COMBAT OUTPOST MATUN HILL, Afghanistan — U.S. military advisers are expressing concerns that Afghan security forces are facing "unrealistic expectations" from Washington and Kabul ahead of the withdrawal of NATO troops.
The U.S.-led coalition handed over security responsibility to local forces last month and is scheduled to pull out all troops in 2014, with talks about leaving a residual support force underway.
Maj. Rich Schildman, executive officer for the main U.S. advisory team in eastern Afghanistan’s Khost province, said Afghan forces “are starting to feel the pressure."
U.S. forces are planning to shutter Combat Outpost Matun Hill after the holy month of Ramadan, which ends in August.

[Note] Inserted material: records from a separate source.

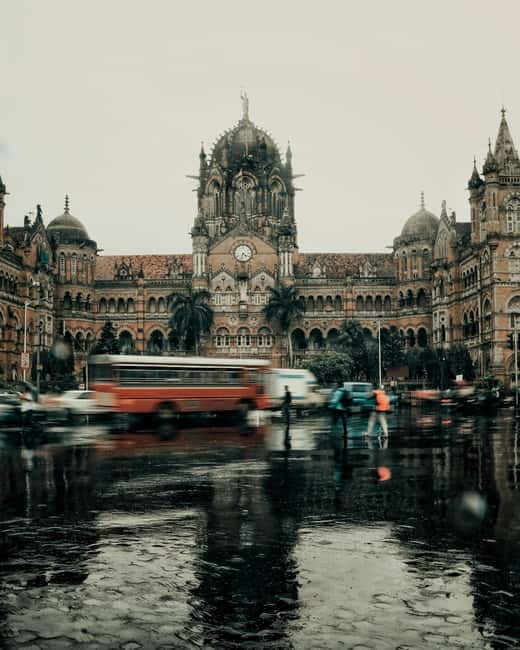 Mumbai: Half-Day City Tour with a Local - Kalbadevi: the old neighborhood market chaos, with guidance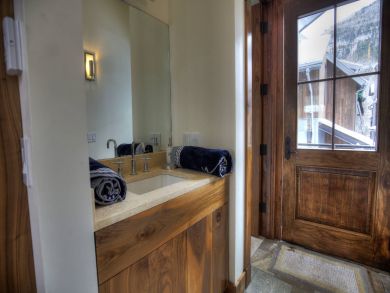 Stunning Telluride Aspen Vacation Home With Detached Garage.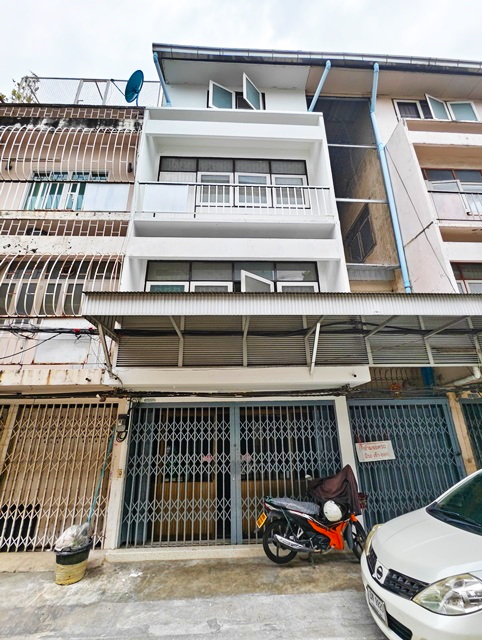 โทนสีขาว-สีน้ำตาล รร.นานาชาตินอินเวนท์ 1.1 กม.ให้เช่าทาวน์โฮม 4 ชั้น รีโนเวทใหม่ แนวคลาสสิค ใจกลางเมือง ย่านสาทร เหมาะสำหรับพักอาศัย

By September, American forces plan to be completely withdrawn from the combat outpost, which is located near the provincial capital of Khost City.
Setting the lines of authority between the Afghan army, national police and local police is a job that will clearly take more than three months, according to Schildman.
"Look at [the] Posse Comitatus [Act], that was passed 60, 70 years after the [U.S.] Constitution," he said, referring to the federal law limiting the military's ability to enforce state laws.
Lt. Col. David Hamann, who leads the American Security Force Assistance Advisory Team (SFAAT) at Combat Outpost Matun Hill, said the next five to ten years "will be the most vulnerable" for the ANSF.
Those comments echo those of Gen. Joseph Dunford, head of all U.S. forces in Afghanistan, who said that it will take years before Afghan military forces will be able to flush the Taliban out of Afghanistan.
"My assumption is that the [Afghan] insurgency will still exist after 2014," Dunford said in an interview with ABC News in May.
"The conditions are not yet set for a stable and secure Afghanistan in the long-term," he added at the time.
Schildman said the efforts of Afghan troops in Khost province was being closely watched by Washington and Kabul.
Afghan commanders and local government leaders are also "taking a hard interest in what is going on here," said Schildman.
Hamann and Schildman though said Afghan forces had made substantial progress.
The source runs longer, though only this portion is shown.